*Exercise*.
Go through the records and transcribe them exactly, passing over any picture.

*Working data*.
* * * * *

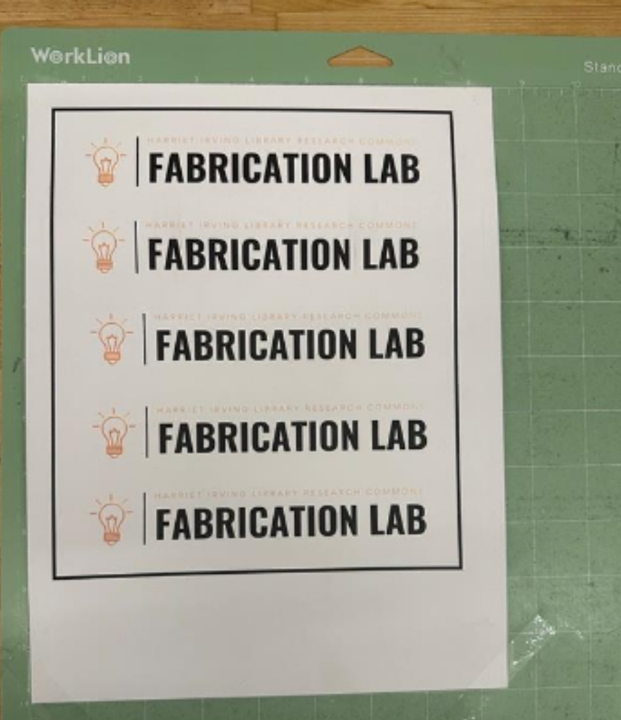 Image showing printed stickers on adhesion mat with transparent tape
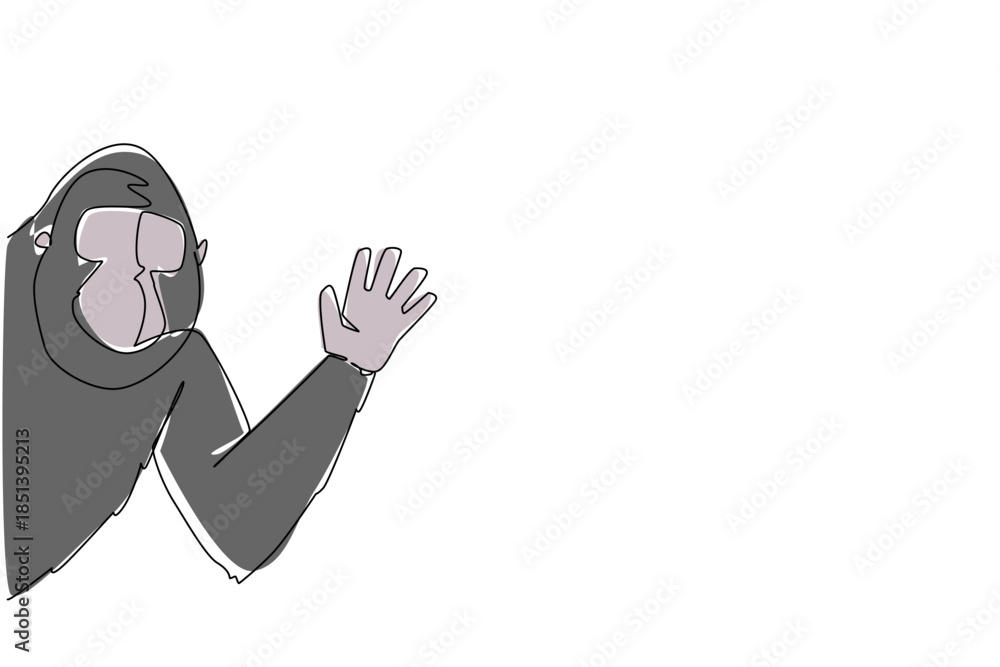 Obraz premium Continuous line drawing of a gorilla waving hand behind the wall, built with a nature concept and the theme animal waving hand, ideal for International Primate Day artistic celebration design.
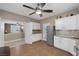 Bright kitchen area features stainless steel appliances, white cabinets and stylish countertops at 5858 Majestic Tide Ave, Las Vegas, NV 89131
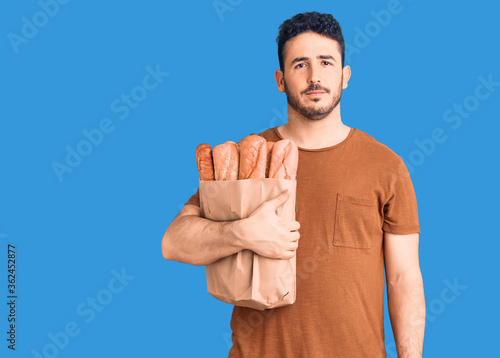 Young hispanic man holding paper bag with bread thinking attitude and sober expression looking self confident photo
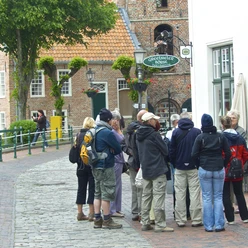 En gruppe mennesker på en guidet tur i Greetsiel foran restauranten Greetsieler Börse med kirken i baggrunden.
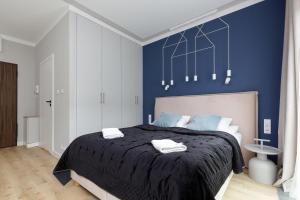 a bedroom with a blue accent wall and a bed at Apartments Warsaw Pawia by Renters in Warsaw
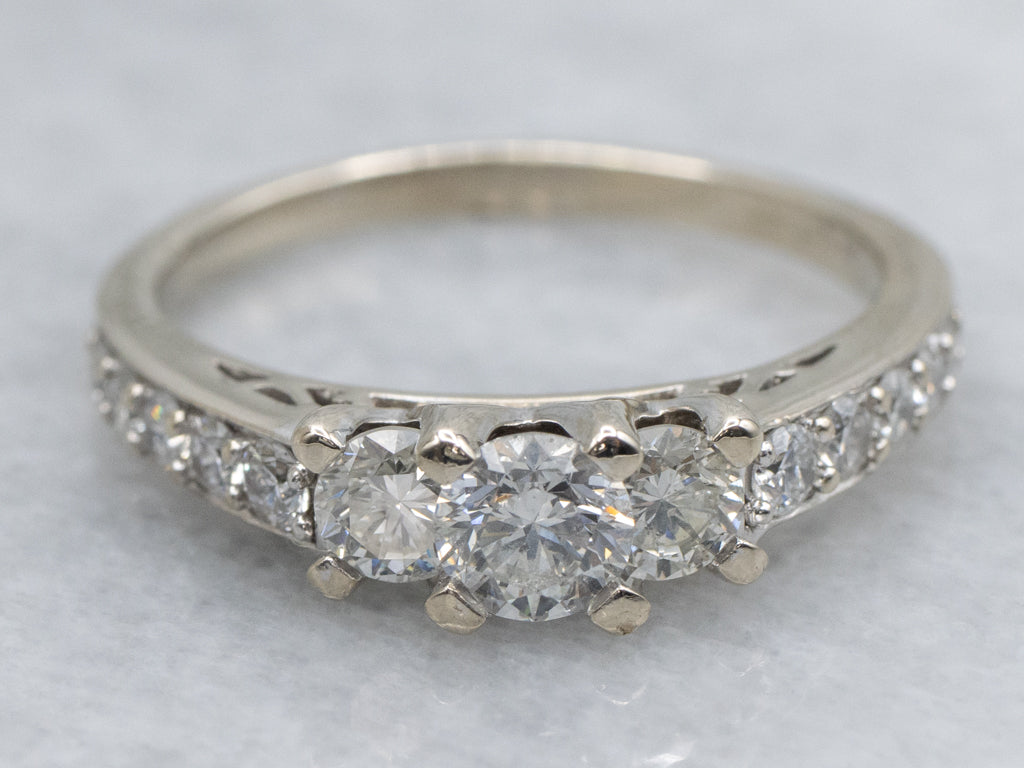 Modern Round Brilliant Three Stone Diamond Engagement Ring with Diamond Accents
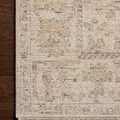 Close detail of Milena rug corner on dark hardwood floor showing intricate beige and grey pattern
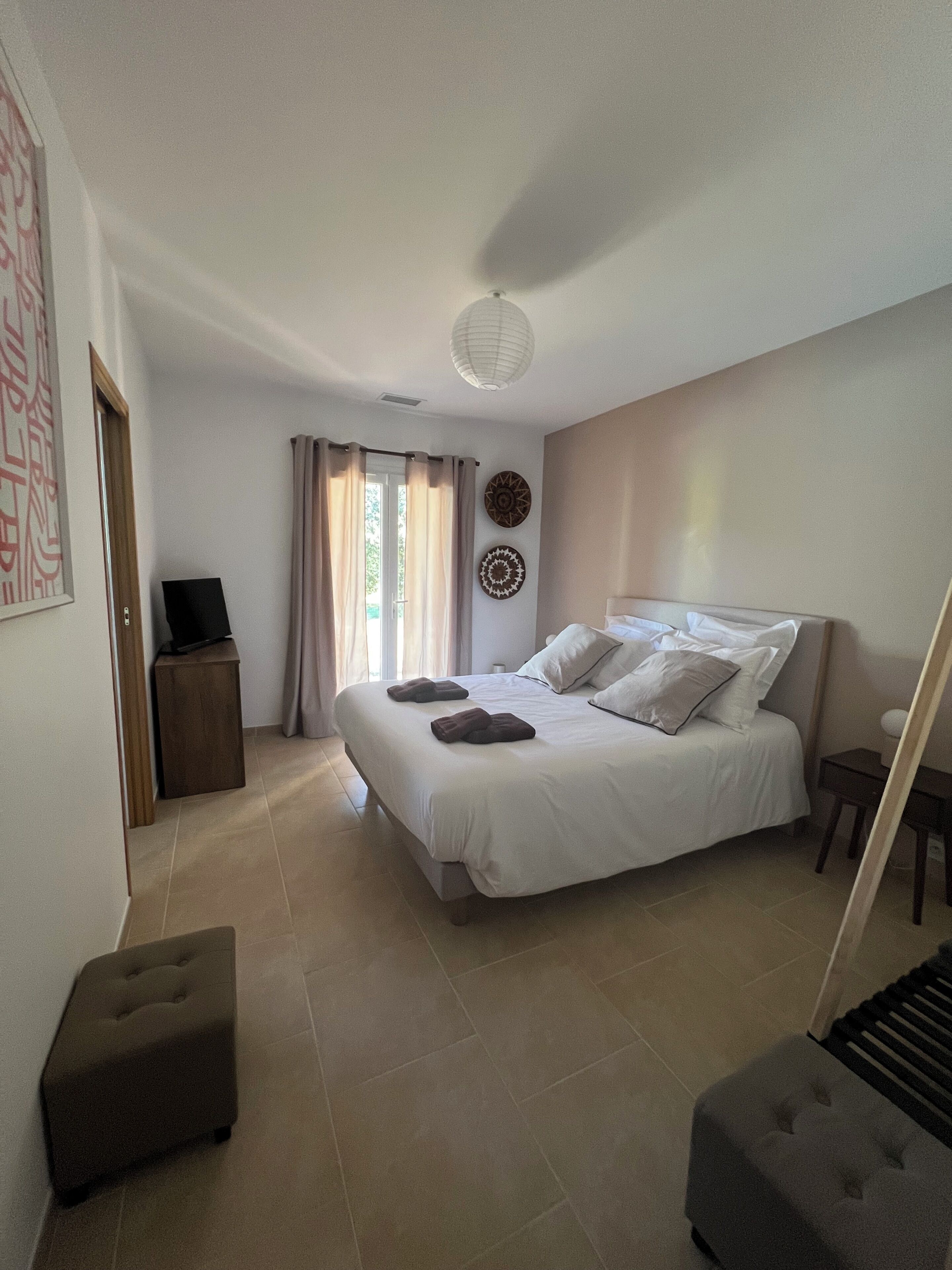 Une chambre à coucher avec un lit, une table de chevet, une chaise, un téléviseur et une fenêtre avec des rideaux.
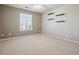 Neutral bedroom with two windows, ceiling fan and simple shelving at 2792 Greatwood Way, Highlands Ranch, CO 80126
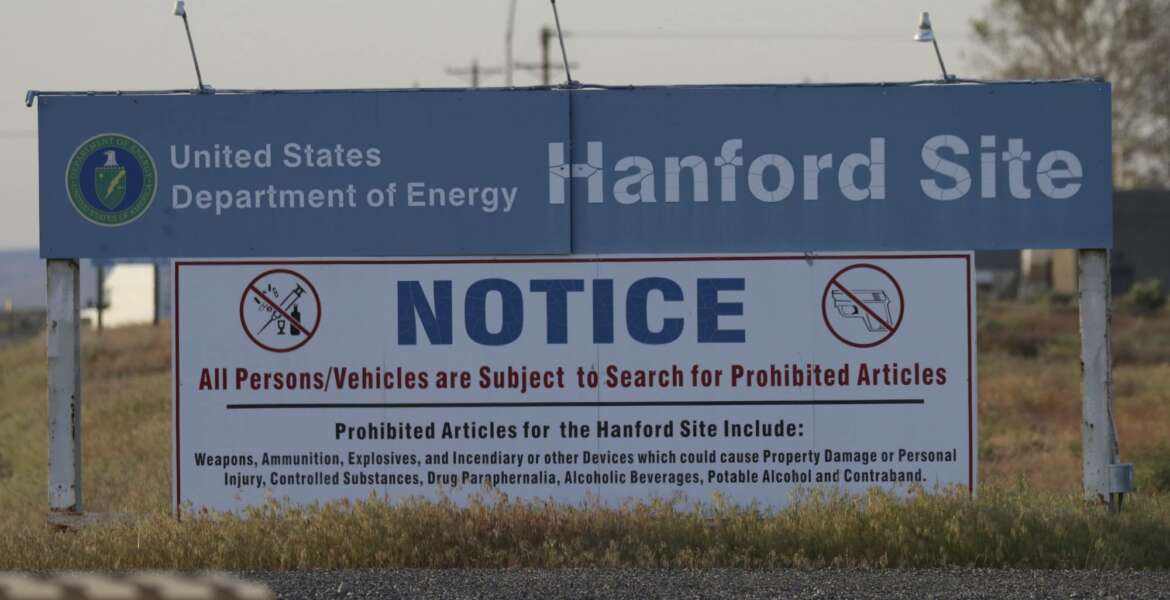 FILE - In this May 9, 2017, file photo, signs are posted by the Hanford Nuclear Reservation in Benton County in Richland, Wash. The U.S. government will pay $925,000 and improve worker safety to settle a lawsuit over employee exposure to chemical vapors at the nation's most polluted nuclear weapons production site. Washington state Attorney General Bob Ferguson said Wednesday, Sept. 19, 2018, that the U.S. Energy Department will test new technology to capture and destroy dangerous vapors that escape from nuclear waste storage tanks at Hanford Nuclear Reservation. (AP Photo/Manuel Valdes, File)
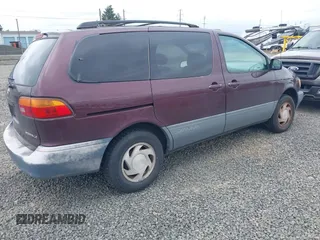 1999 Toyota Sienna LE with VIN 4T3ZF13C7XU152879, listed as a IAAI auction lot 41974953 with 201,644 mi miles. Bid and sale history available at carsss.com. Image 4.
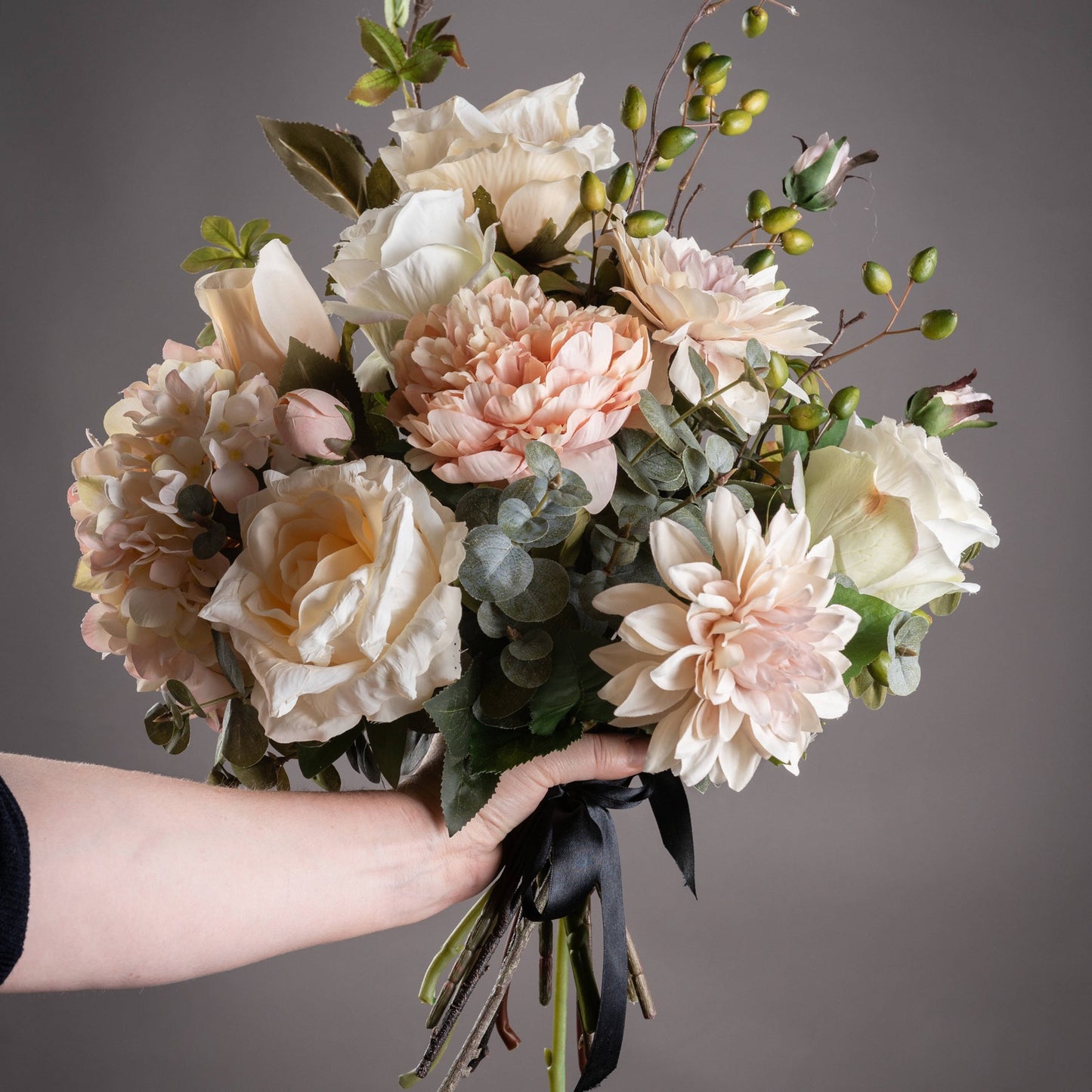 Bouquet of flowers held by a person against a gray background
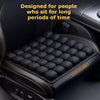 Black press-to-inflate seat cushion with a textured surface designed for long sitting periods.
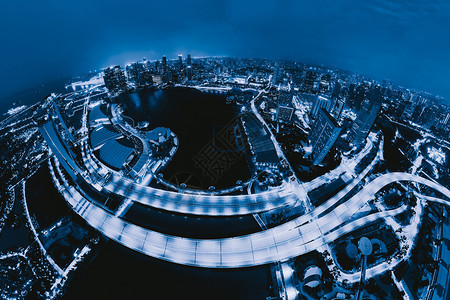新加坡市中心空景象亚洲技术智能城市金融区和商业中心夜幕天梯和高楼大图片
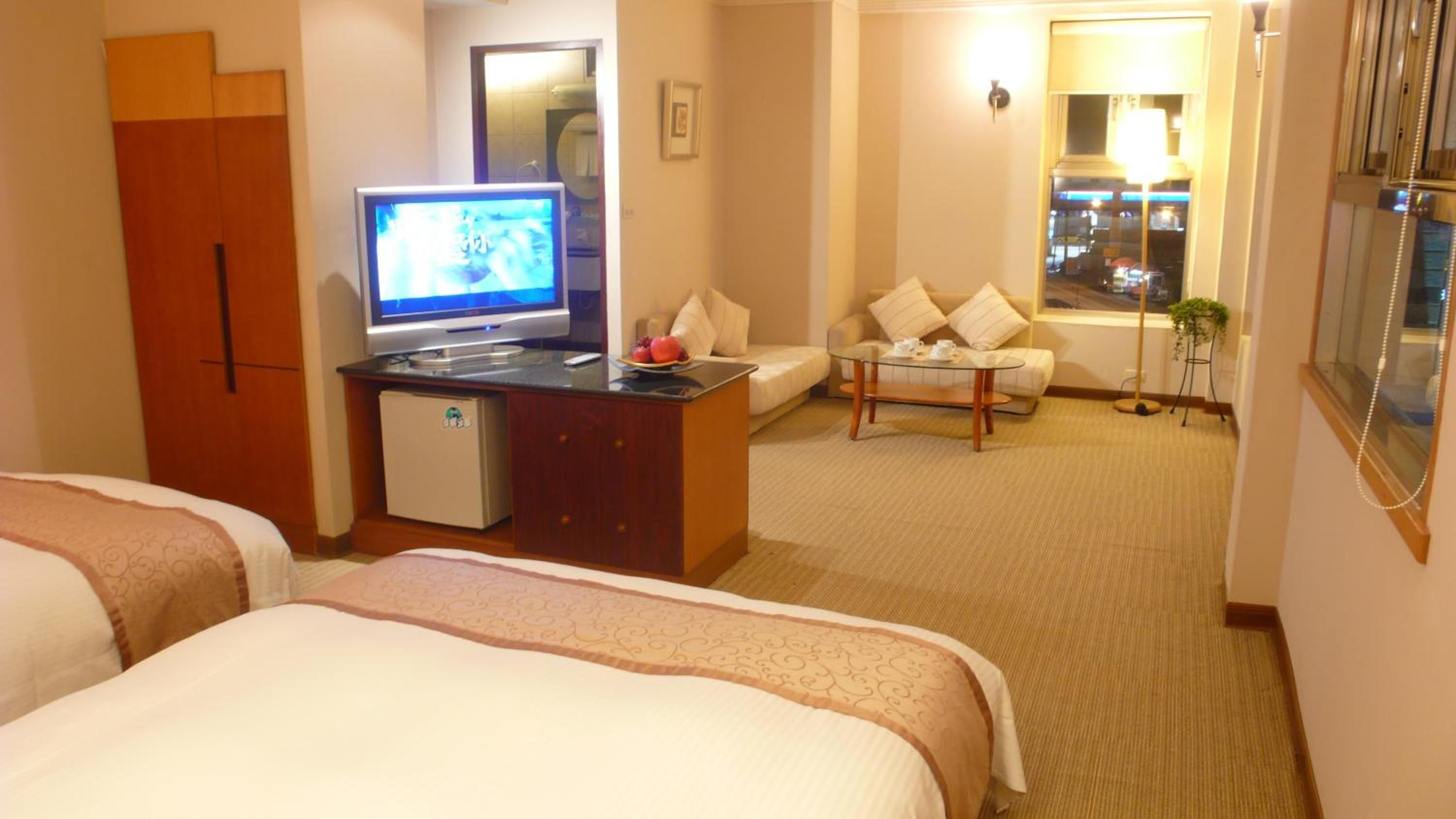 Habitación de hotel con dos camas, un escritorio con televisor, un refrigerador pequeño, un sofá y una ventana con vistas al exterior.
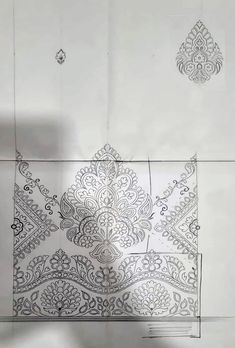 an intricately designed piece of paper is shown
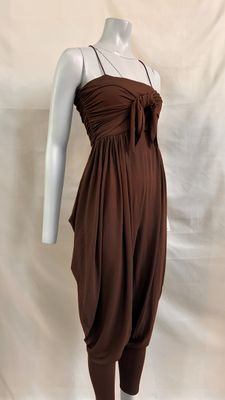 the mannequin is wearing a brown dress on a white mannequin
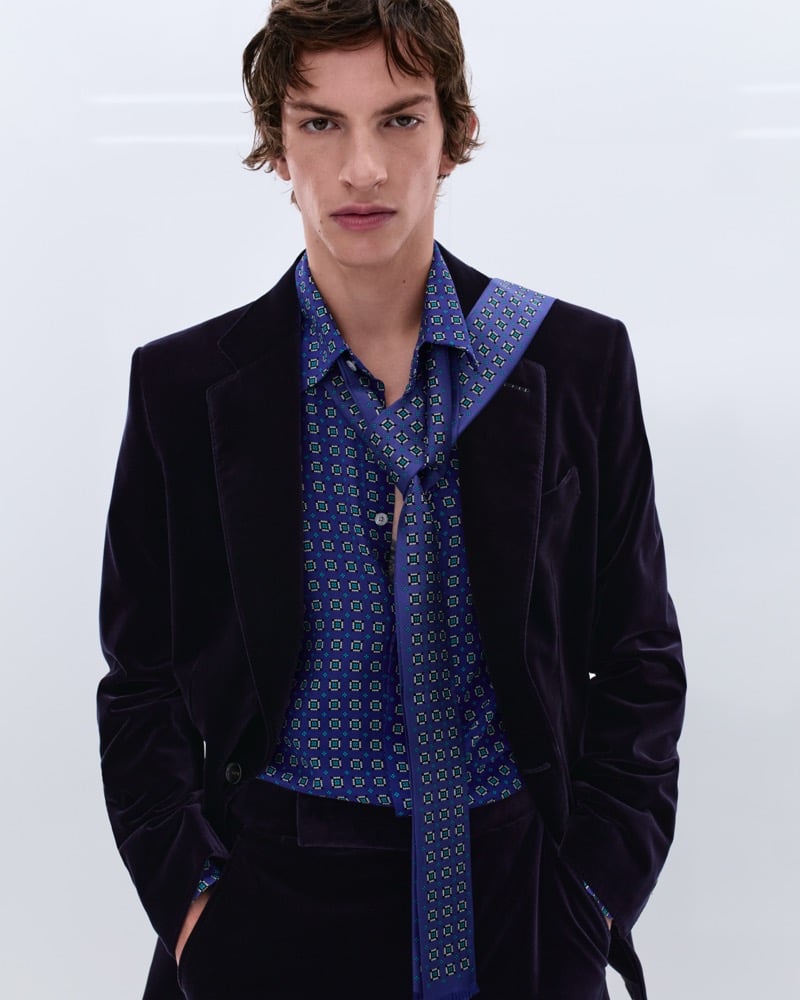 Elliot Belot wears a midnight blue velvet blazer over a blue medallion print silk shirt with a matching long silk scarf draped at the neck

* * * * *

*Response for this exercise*.
 Image showing printed stickers on adhesion mat with transparent tape
 Obraz premium Continuous line drawing of a gorilla waving hand behind the wall, built with a nature concept and the theme animal waving hand, ideal for International Primate Day artistic celebration design.
 Bright kitchen area features stainless steel appliances, white cabinets and stylish countertops at 5858 Majestic Tide Ave, Las Vegas, NV 89131
 Young hispanic man holding paper bag with bread thinking attitude and sober expression looking self confident photo
 En gruppe mennesker på en guidet tur i Greetsiel foran restauranten Greetsieler Börse med kirken i baggrunden.
 a bedroom with a blue accent wall and a bed at Apartments Warsaw Pawia by Renters in Warsaw
 Modern Round Brilliant Three Stone Diamond Engagement Ring with Diamond Accents
 Close detail of Milena rug corner on dark hardwood floor showing intricate beige and grey pattern
 Une chambre à coucher avec un lit, une table de chevet, une chaise, un téléviseur et une fenêtre avec des rideaux.
 Neutral bedroom with two windows, ceiling fan and simple shelving at 2792 Greatwood Way, Highlands Ranch, CO 80126
 FILE - In this May 9, 2017, file photo, signs are posted by the Hanford Nuclear Reservation in Benton County in Richland, Wash. The U.S. government will pay $925,000 and improve worker safety to settle a lawsuit over employee exposure to chemical vapors at the nation's most polluted nuclear weapons production site. Washington state Attorney General Bob Ferguson said Wednesday, Sept. 19, 2018, that the U.S. Energy Department will test new technology to capture and destroy dangerous vapors that escape from nuclear waste storage tanks at Hanford Nuclear Reservation. (AP Photo/Manuel Valdes, File)
 1999 Toyota Sienna LE with VIN 4T3ZF13C7XU152879, listed as a IAAI auction lot 41974953 with 201,644 mi miles. Bid and sale history available at carsss.com. Image 4.
 Bouquet of flowers held by a person against a gray background
 Black press-to-inflate seat cushion with a textured surface designed for long sitting periods.
新加坡市中心空景象亚洲技术智能城市金融区和商业中心夜幕天梯和高楼大图片
 Habitación de hotel con dos camas, un escritorio con televisor, un refrigerador pequeño, un sofá y una ventana con vistas al exterior.
 an intricately designed piece of paper is shown
 the mannequin is wearing a brown dress on a white mannequin
 Elliot Belot wears a midnight blue velvet blazer over a blue medallion print silk shirt with a matching long silk scarf draped at the neck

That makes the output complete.